Hypothesis: “A restrictive fluid regimen in adults undergoing major abdominal surgery would lead to a lower rate of complications and a higher rate of disability-free survival than a liberal (traditional) fluid regimen”
Methods: Approximately 3000 patients undergoing elective extensive (>2h) abdominal surgery were randomized to a restrictive fluid resuscitation strategy (goal zero fluid balance) vs. traditional practice. Restrictive was described as <5ml/kg at induction, 5 mg/kg/h intraop, 0.8 ml/kg/hr for 24 hours postop and general strategy of vasopressors before volume. For the traditional practice, patients received 10 ml/kg at induction, 8 ml/kg/hr intraop, 1.5 ml/kg/hr for 24 hours postop with a general strategy of volume before pressors. Both groups were treated with albumin/blood to replace blood loss. The primary outcome was disability-free survival at one year measured via WHO Disability Assessment Schedule (WHODAS); secondary outcomes included AKI, 30-day composite mortality/surgical complications, ICU and hospital lengths of stay.

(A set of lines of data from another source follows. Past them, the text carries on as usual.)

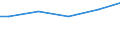Unit of measure: Percentage / Size classes in number of employees: 10 employees or more / International Standard Classification of Education (ISCED 2011): Upper secondary and post-secondary non-tertiary education (levels 3 and 4) / Geopolitical entity (reporting): Bulgaria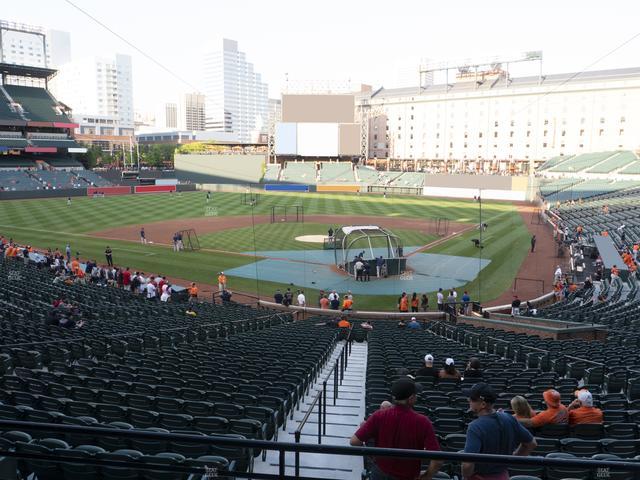 Oriole Park at Camden Yards - Section Premium Club 39 Seat View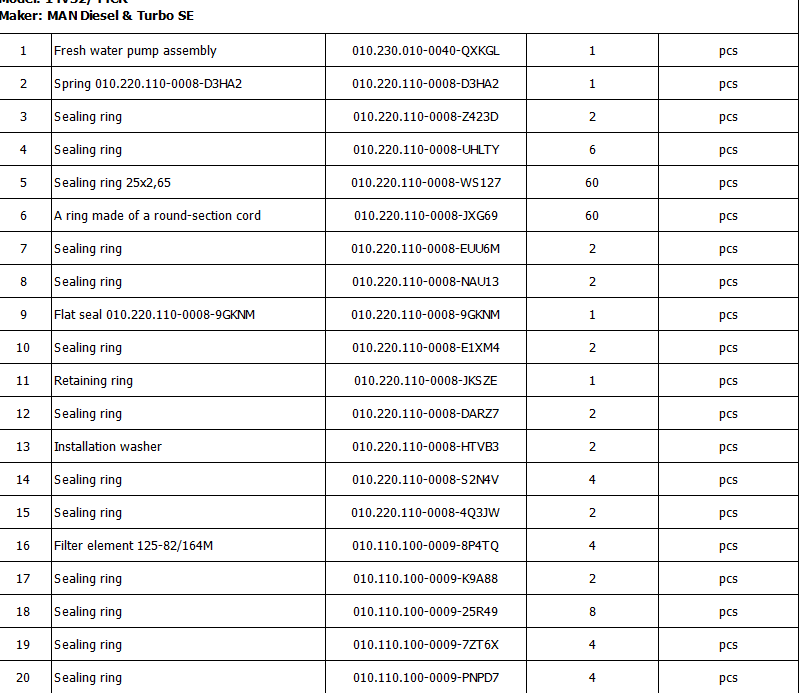 【询价】船舶备件—MAN配件（CK-R20240327-15）询价-泰州昌宽社区-报价采购-船用采购网-船舶物料采购-船务服务-一站式船用设备供应服务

Results: No significant difference in disability-free survival at one year. Significant increase in incidence of AKI in the restrictive fluid resuscitation group. Trend toward an increase in surgical site infection in restrictive fluid group which was not significant after adjustment.
Strengths: Multicenter, international RCT; large study population with clear protocol; minimal attrition;, evaluated as modified intention to treat
Weaknesses: Variation in colloid administration per site; minimal difference in fluid administered per group (3.7L vs 6.1L); threshold of disability may be arbitrary (WHODAS score of >24 pts is associated with “25% disability”).
Key Point: Restrictive fluid resuscitation is not associated with a higher rate of disability-free survival.